Dopo mesi in cui il cantiere è rimasto fermo, praticamente abbandonato, ieri notte, intorno alle 3 chi stava riposando è stato risvegliato di soprassalto dall’arrivo di enormi camion rimorchio con i macchinari diretti al cantiere.
“Quando abbiamo sentito il rumore non potevamo credere alle nostre orecchie – raccontano i residenti – da mesi ci domandavamo che fine avevano fatto i lavori e improvvisamente, nel cuore della notte, sono spuntate macchine e camion con cicalini, gente che urla, frastuoni di rumori metallici e impossibile dormire. Ci domandiamo se sia legale tutto questo e se si ripeterà scatteranno denunce”.
Erano all’incirca le tre della scorsa notte quando, in viale Bracelli, all’altezza della scuola Fanciulli, arrivano i primi furgoni con le luci arancioni.
“Pensavamo ad un guasto – proseguono i residenti – e abbiamo sentito vociare e i cicalini delle macchine operatrici. Ma poco dopo è arrivato “il grosso” con un autoarticolato che trasportava una enorme trivella su cingoli”.
Il camion si è fermato in mezzo alla strada, operatori hanno iniziato a bloccare il traffico e poi a smontare i macchinari.
“Un frastuono pazzesco – denunciano ancora i residenti – con gente che urlava e colpi da non poter dormire. Ci siamo ritrovati sui poggioli a guardare increduli tanto disprezzo per le regole e per il riposo delle persone. Una roba alla marchese del Grillo quando dice: io so io e voi non siete un ca…”.

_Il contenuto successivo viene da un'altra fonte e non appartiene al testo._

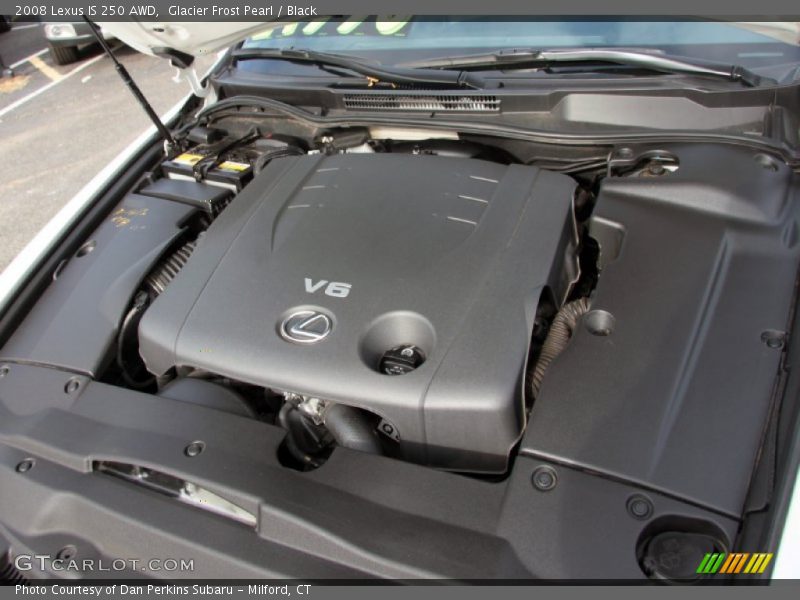 Glacier Frost Pearl / Black 2008 Lexus IS 250 AWD
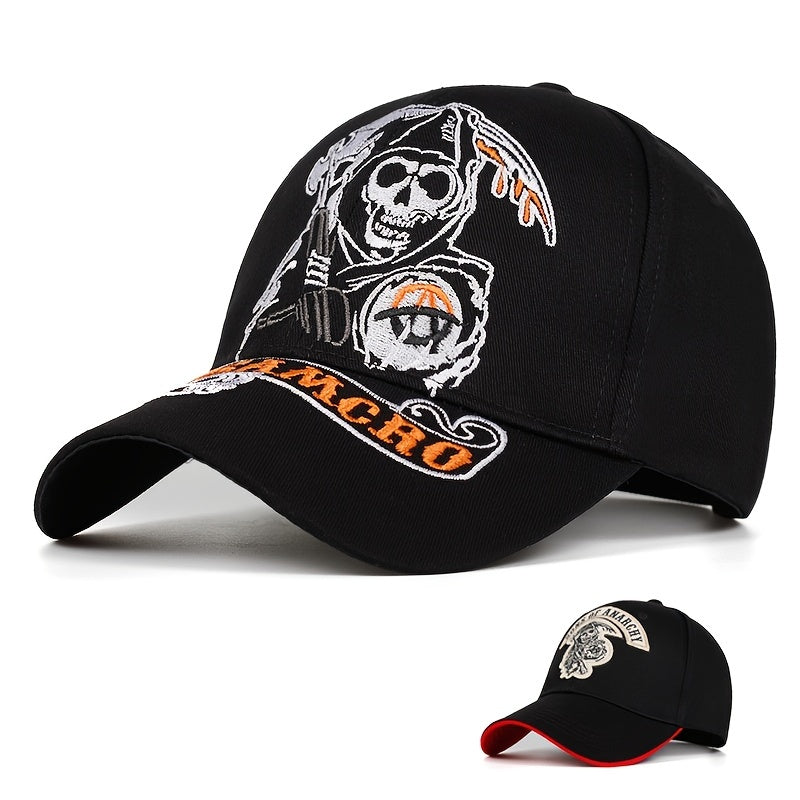 Embroidered Skull Snapback Hat For Men&Women Bone Gorra Casquette Cap
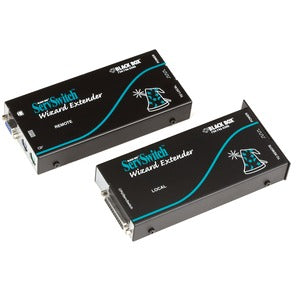 Black Box Wizard KVM Extender - VGA, PS/2, RS232, Single-Access, CATx, Skew Compensation - PEGASUSS 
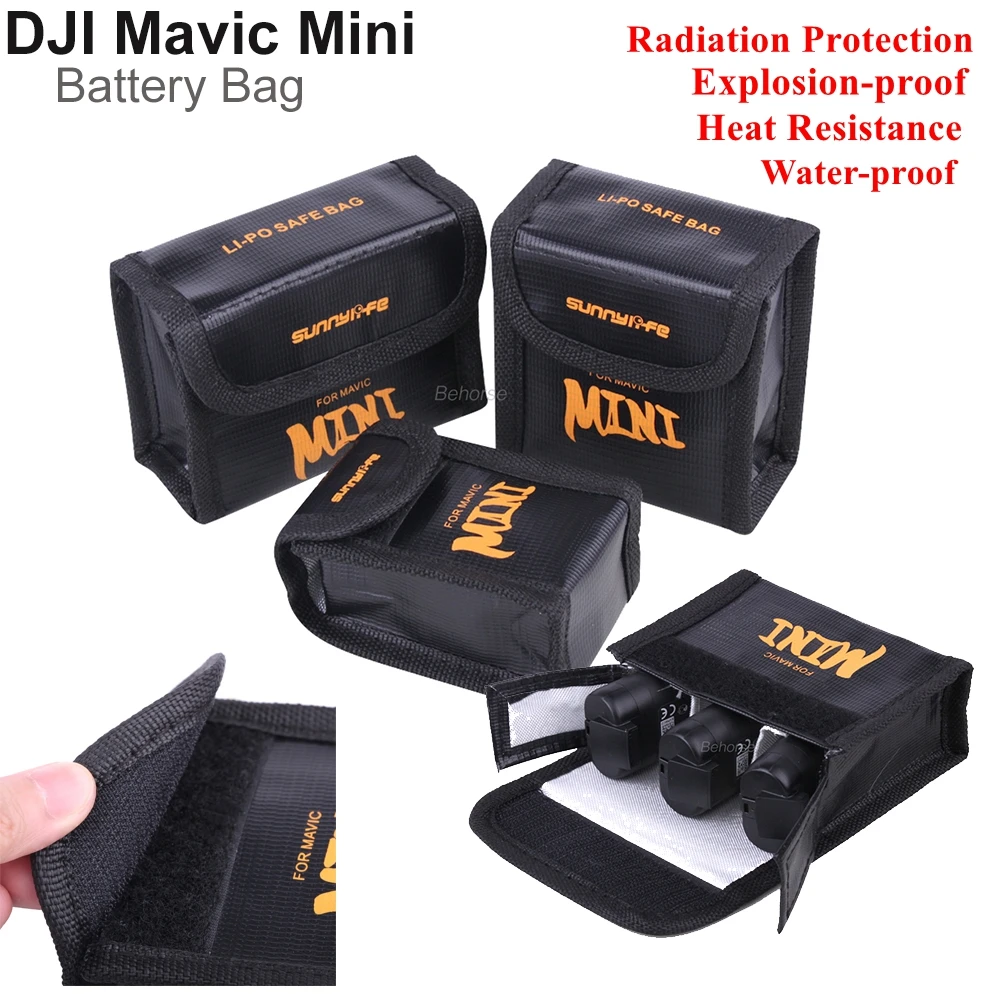 New PGG Mavic Mini Battery Safe Storage Bag Water-proof Explosion-proof Lipo Battery Protective Bag for DJI Mavic Mini Drone Accessories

La preoccupazione riguarda anche il proseguire dei lavori, di cui non si hanno notizie se non da sporadici comunicati.
“Hanno lasciato fermo il cantiere per tutto l’inverno – dicono preoccupati i residenti – e iniziano ora che arriva la bella stagione? La trivella a cosa servirà? Sono previsti scavi importanti? Qualcuno potrebbe degnarsi di spiegare a chi ci vivrà in mezzo per mesi, cosa avverrà?”